- **Task directions**:
Repeat all the data exactly, and where a record holds a picture, leave that picture out.

#### Records provided ####

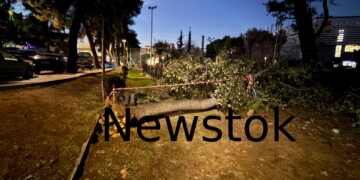 Χαϊδάρι: «Άγιο» είχαν τα παιδιά – Τεράστιο δέντρο έπεσε σε παιδική χαρά και λύγισε τα κάγκελα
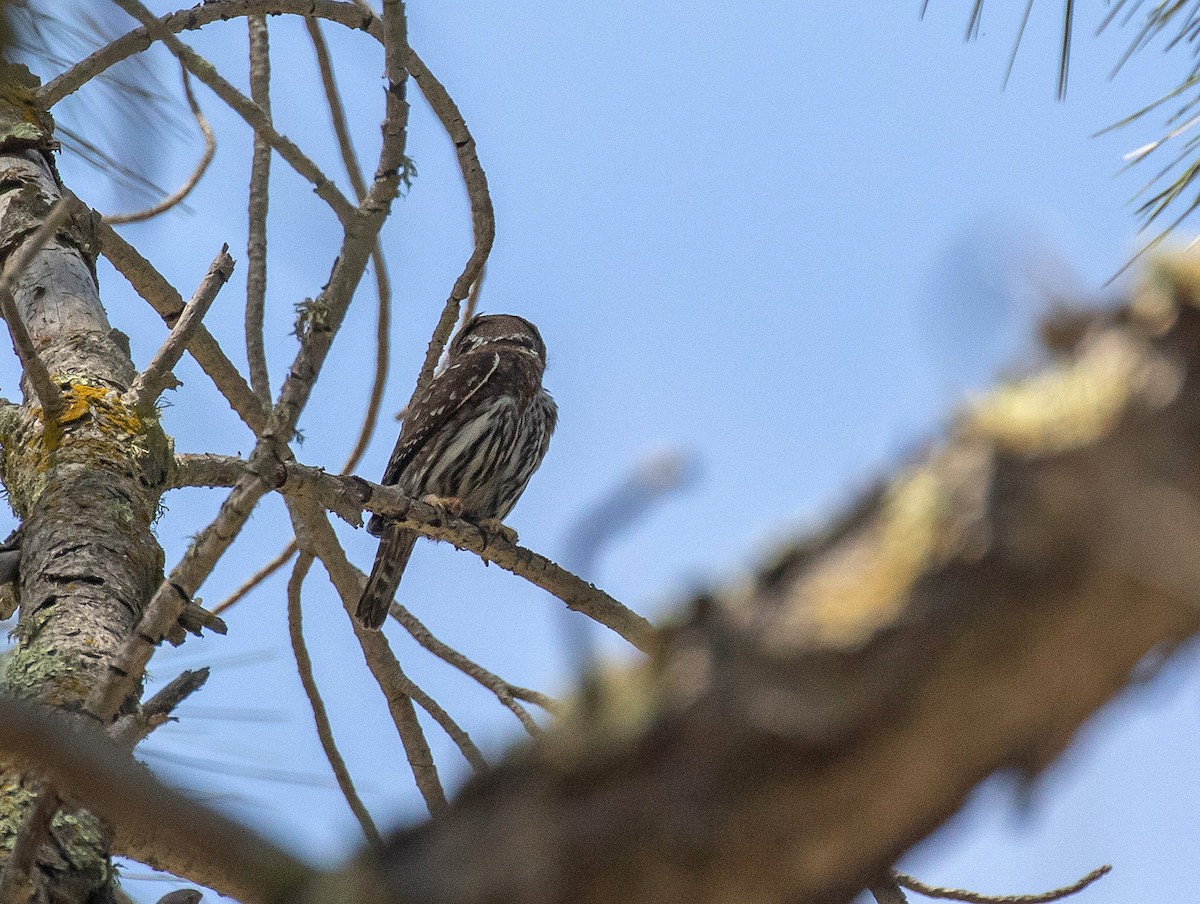 Northern Pygmy-Owl - ML163737571
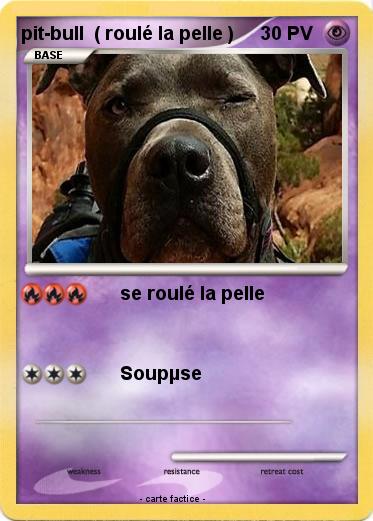 Pokemon pit-bull  ( roulé la pelle )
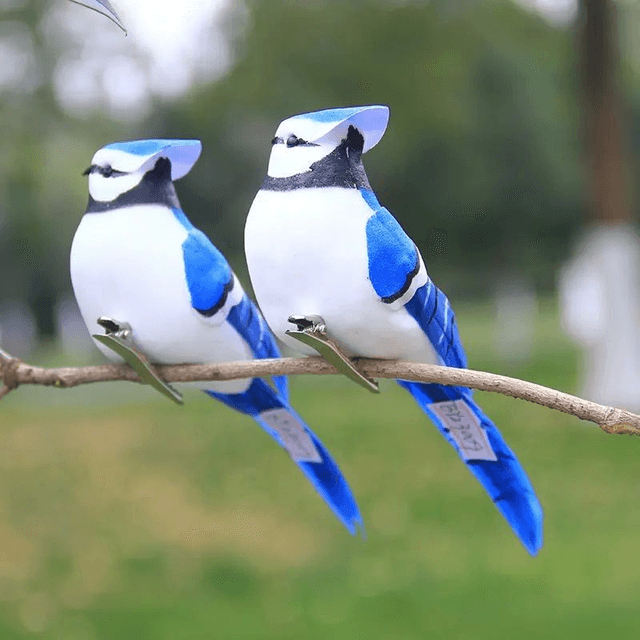 2 pièces d'Oiseaux en mousse Déco Réalistes de Geai Bleu avec Plumes 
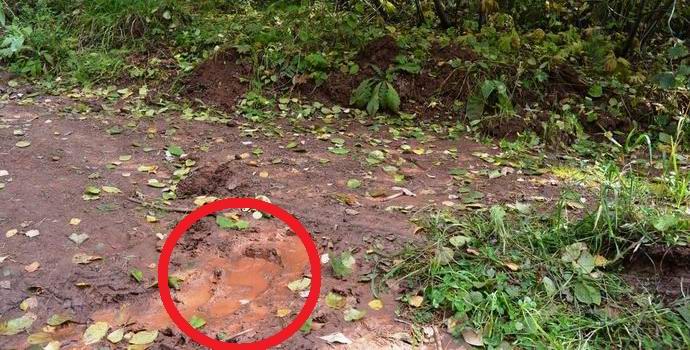 V lesním pásu Bratska byla nalezena stopa bigfoota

####

- **Result of the exercise**:
 Χαϊδάρι: «Άγιο» είχαν τα παιδιά – Τεράστιο δέντρο έπεσε σε παιδική χαρά και λύγισε τα κάγκελα
 Northern Pygmy-Owl - ML163737571
 Pokemon pit-bull  ( roulé la pelle )
 2 pièces d'Oiseaux en mousse Déco Réalistes de Geai Bleu avec Plumes 
 V lesním pásu Bratska byla nalezena stopa bigfoota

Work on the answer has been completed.